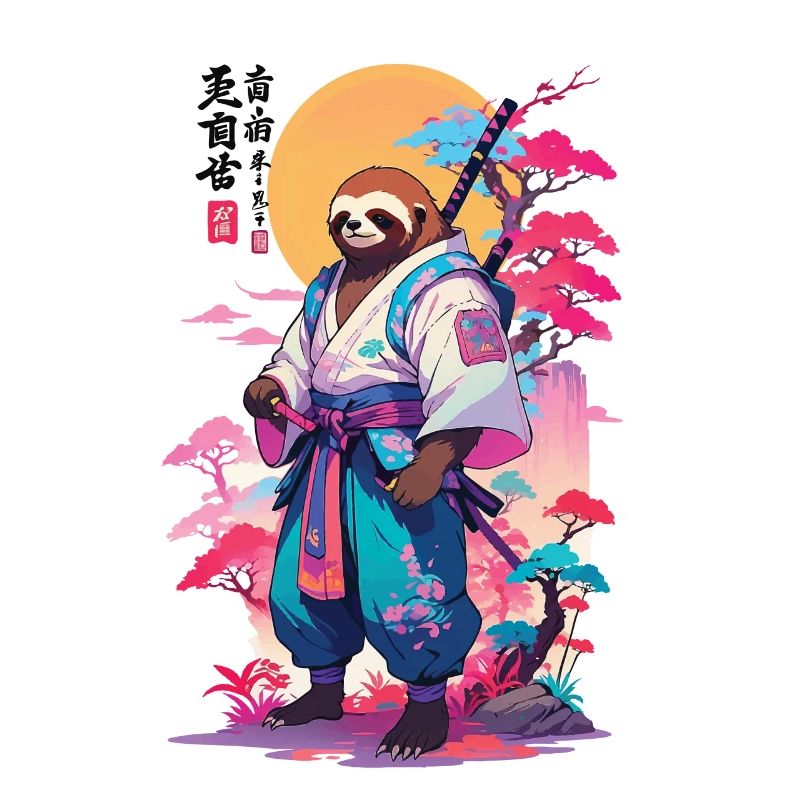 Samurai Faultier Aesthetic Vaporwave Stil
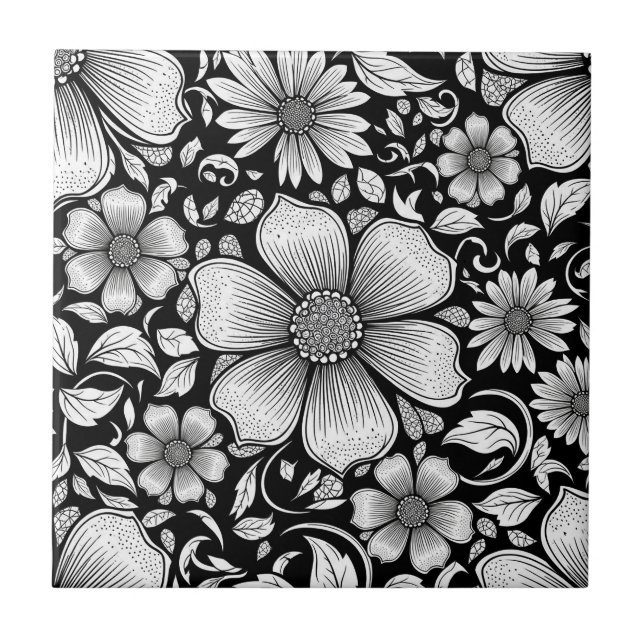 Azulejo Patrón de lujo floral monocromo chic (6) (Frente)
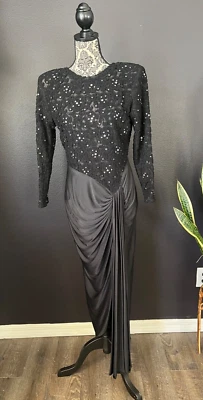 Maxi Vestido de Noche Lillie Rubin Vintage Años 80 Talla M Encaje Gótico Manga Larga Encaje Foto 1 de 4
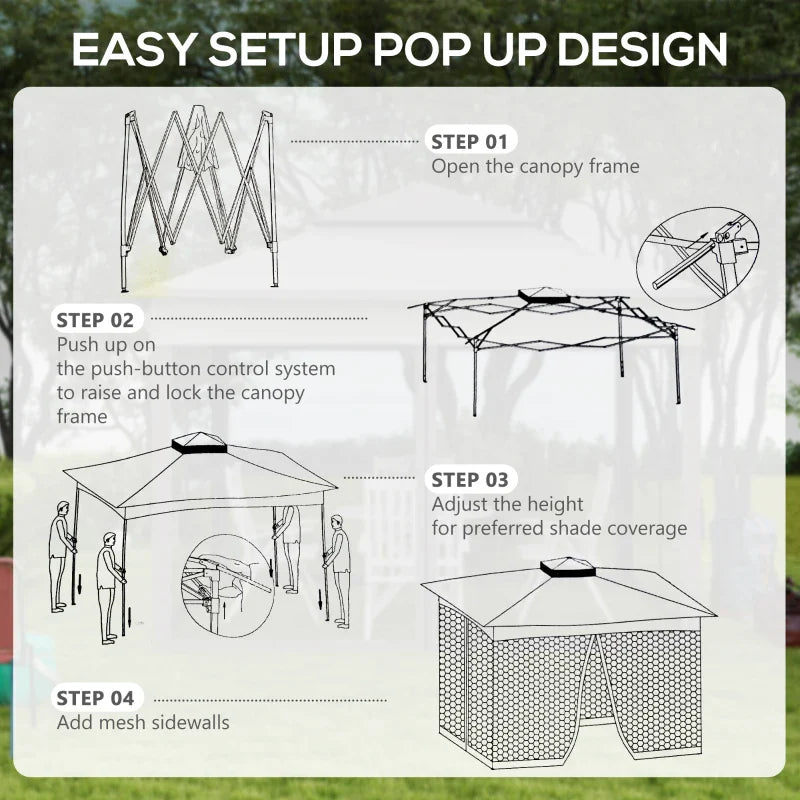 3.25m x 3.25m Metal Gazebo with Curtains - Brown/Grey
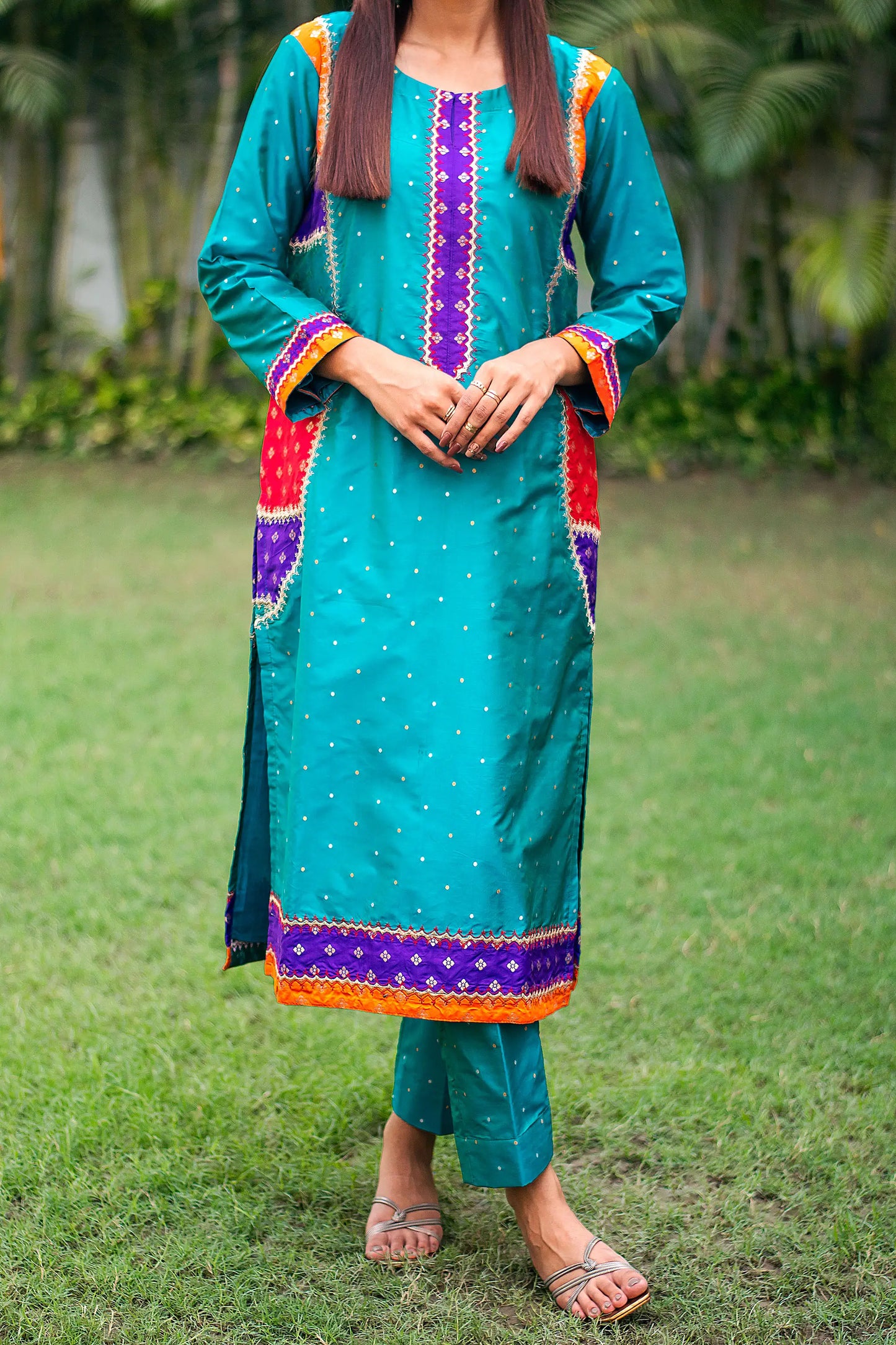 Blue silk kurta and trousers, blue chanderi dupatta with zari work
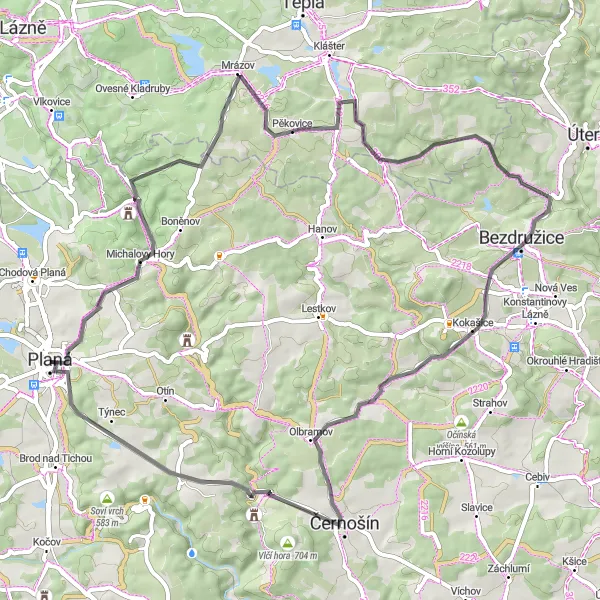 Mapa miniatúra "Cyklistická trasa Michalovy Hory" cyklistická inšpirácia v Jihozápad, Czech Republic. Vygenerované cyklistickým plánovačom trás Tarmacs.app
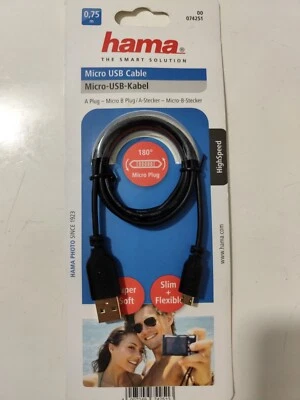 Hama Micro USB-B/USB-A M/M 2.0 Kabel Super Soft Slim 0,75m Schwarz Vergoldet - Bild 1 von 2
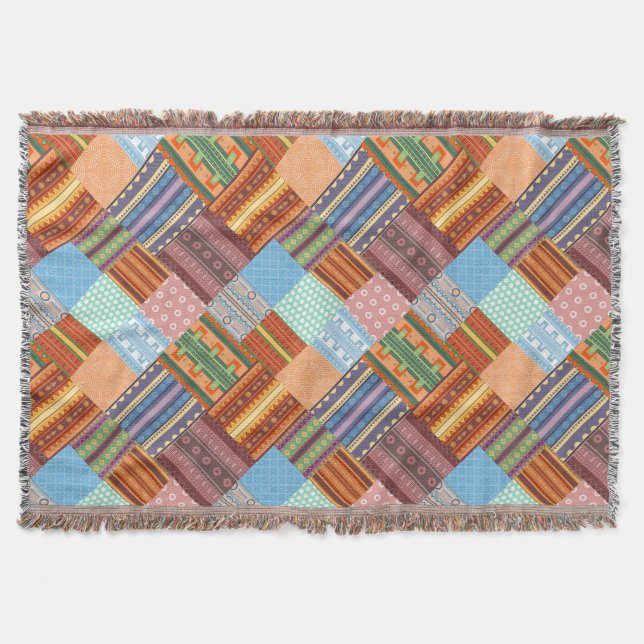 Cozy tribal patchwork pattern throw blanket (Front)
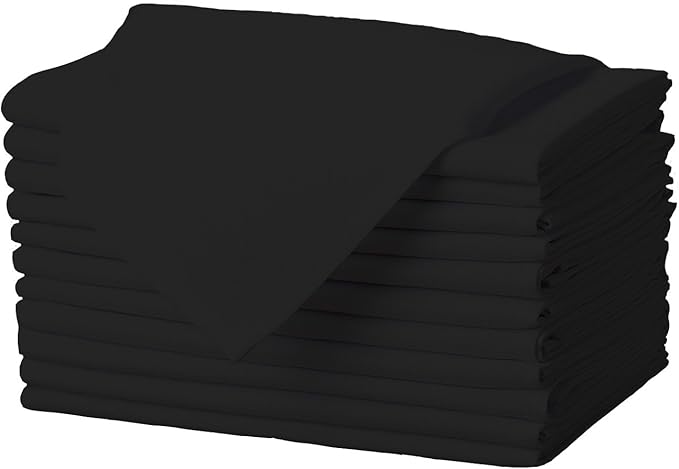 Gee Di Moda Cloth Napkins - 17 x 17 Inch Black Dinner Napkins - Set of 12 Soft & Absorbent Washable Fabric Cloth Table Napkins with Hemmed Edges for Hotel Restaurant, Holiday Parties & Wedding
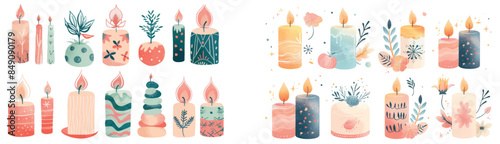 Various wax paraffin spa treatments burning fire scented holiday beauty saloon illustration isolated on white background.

######

*Your objective*
Take the lines from the one holding "Azulejo Patrón de" through the final line of the records above and output them exactly, both ends included, excluding pictures.

*Your solution*
 Azulejo Patrón de lujo floral monocromo chic (6) (Frente)
 Maxi Vestido de Noche Lillie Rubin Vintage Años 80 Talla M Encaje Gótico Manga Larga Encaje Foto 1 de 4
 3.25m x 3.25m Metal Gazebo with Curtains - Brown/Grey
 Blue silk kurta and trousers, blue chanderi dupatta with zari work
 Mapa miniatúra "Cyklistická trasa Michalovy Hory" cyklistická inšpirácia v Jihozápad, Czech Republic. Vygenerované cyklistickým plánovačom trás Tarmacs.app
 Hama Micro USB-B/USB-A M/M 2.0 Kabel Super Soft Slim 0,75m Schwarz Vergoldet - Bild 1 von 2
 Cozy tribal patchwork pattern throw blanket (Front)
 Gee Di Moda Cloth Napkins - 17 x 17 Inch Black Dinner Napkins - Set of 12 Soft & Absorbent Washable Fabric Cloth Table Napkins with Hemmed Edges for Hotel Restaurant, Holiday Parties & Wedding
 Various wax paraffin spa treatments burning fire scented holiday beauty saloon illustration isolated on white background.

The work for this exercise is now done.